Saint John Energy, the municipal utility that sells electricity to residents of greater Saint John, is partnering with several innovation-driven companies in the region with the goal of improving service and profitability.

In November, the company announced it is working with the Liveable Cities division of Halifax-based LED Roadway Lighting on a project that would install sensors in LED streetlights in 10 locations in the city to monitor traffic. The goal is to understand the speed at which cars pass the locations to improve the safety regulations.

Vice-President Ryan Mitchell said in an interview that Job 1 for Saint John Energy is to provide power for its roughly 36,000 customers at the best rates possible. The company wants to work with innovators with the goal of providing better service to its customers, improving profits and battling climate change.

“We have to do it cautiously because our core business is Priority No. 1,” said Mitchell. “Saint John Energy has been in business for 98 years. We do have a vision that we will be regarded as one of the most innovative utilities in the country by the time we turn 100.”

The LED Roadway project came about earlier this year when the federal government provided funding to use streetlights as bases for collecting data in a smart city project.

“It is still a relatively modest pilot where we’re deploying in 10 locations,” said Mitchell. “In each location, there’s a radar sensor to collect data 24/7 to determine traffic patterns, speed of the vehicles, etc.”

He added that the utility has received no complaints about privacy because the sensors do not record licence numbers or identify the vehicles. They only keep aggregated data on traffic speeds for a safety analysis.

“Liveable Cities' speed sensor technology provides a tool that can be quickly and efficiently deployed to address traffic safety and speeding concerns in our communities,” Jeff Libis, Vice President of Sales at Liveable Cities, said in a statement. “The actionable data obtained from our sensor solutions will better inform municipal decisions and reassure citizens that concrete actions are being taken to promote safer communities.”
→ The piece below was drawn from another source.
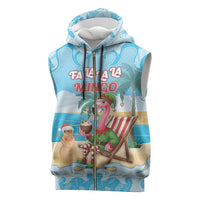 Christmas In July Sleeveless Zip Hoodie I Am The Flamingo Elf - undefined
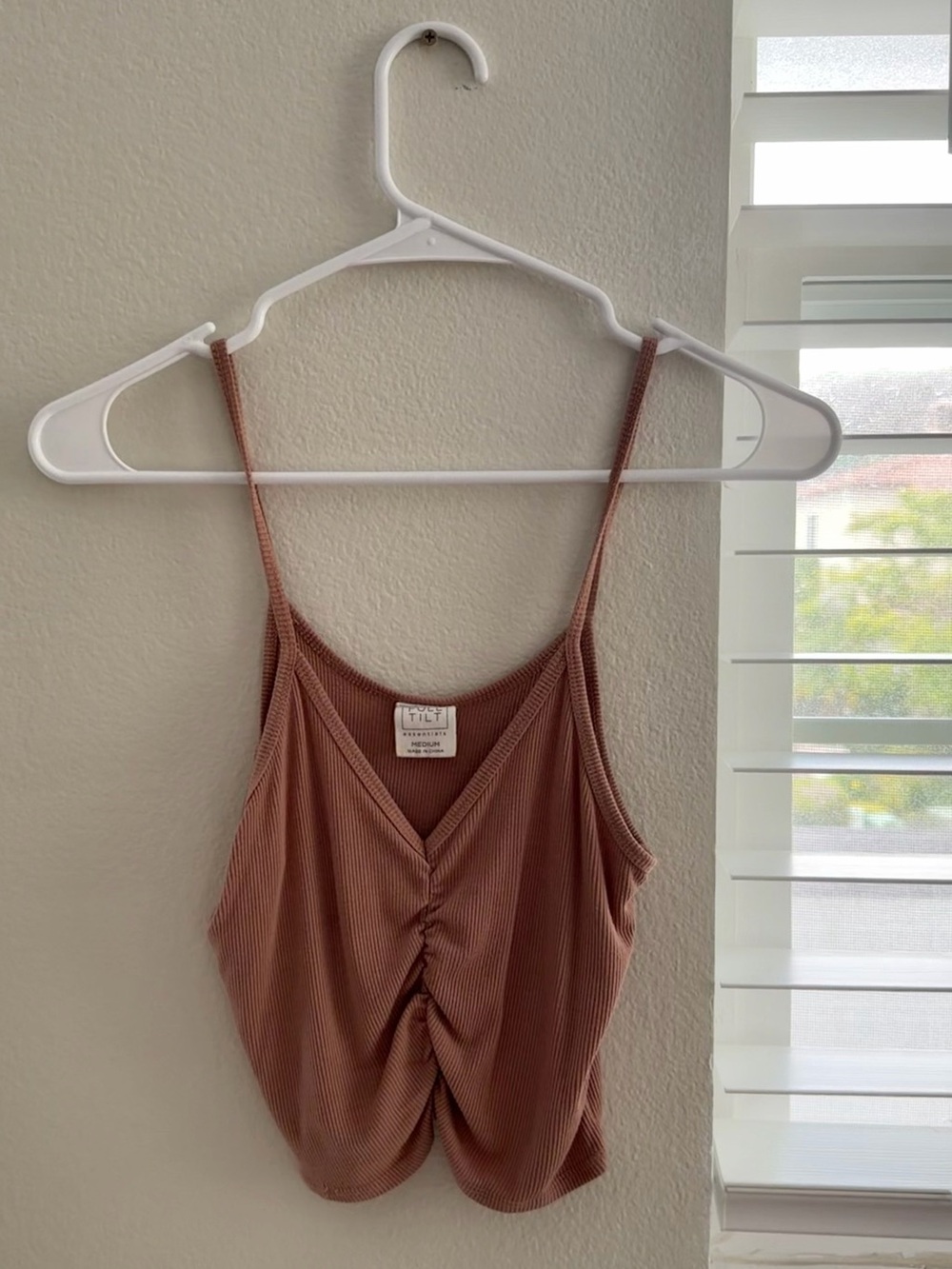 TILT Ribbed Ruched V-Neck Camisole - Mauve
Mitchell said there are 9,000 streetlights in Saint John and he sees them as valuable assets for collecting data and developing a smart city – that is, an urban area that uses data analytics and digital tools to improve living standards.

Saint John Energy is working with partners on a number of innovation projects, from its participation in smart grid initiatives to its work with startups. For example, the utility and Fredericton-based Stash Energy have partnered to bring smart, thermal storage heat pumps to as many as 50 Saint John homes over two years.

Saint John Energy is also collaborating with MNP, the national accounting and consulting firm that bought T4G this year, to mine data and gain greater insights into customers’ energy use. And it received $495,000 from the federal government this year to help build 99 electric vehicle fast chargers across the Maritimes.

In most of the these projects, the goal is to improve services for clients and also to battle climate change.

Said Mitchell: “What we see and what’ve heard from our customers is that they want Saint John Energy to keep energy costs low, but they’re concerned about the environment and they want Saint John Energy to look into ways to help them participate in solutions to environmental problems.”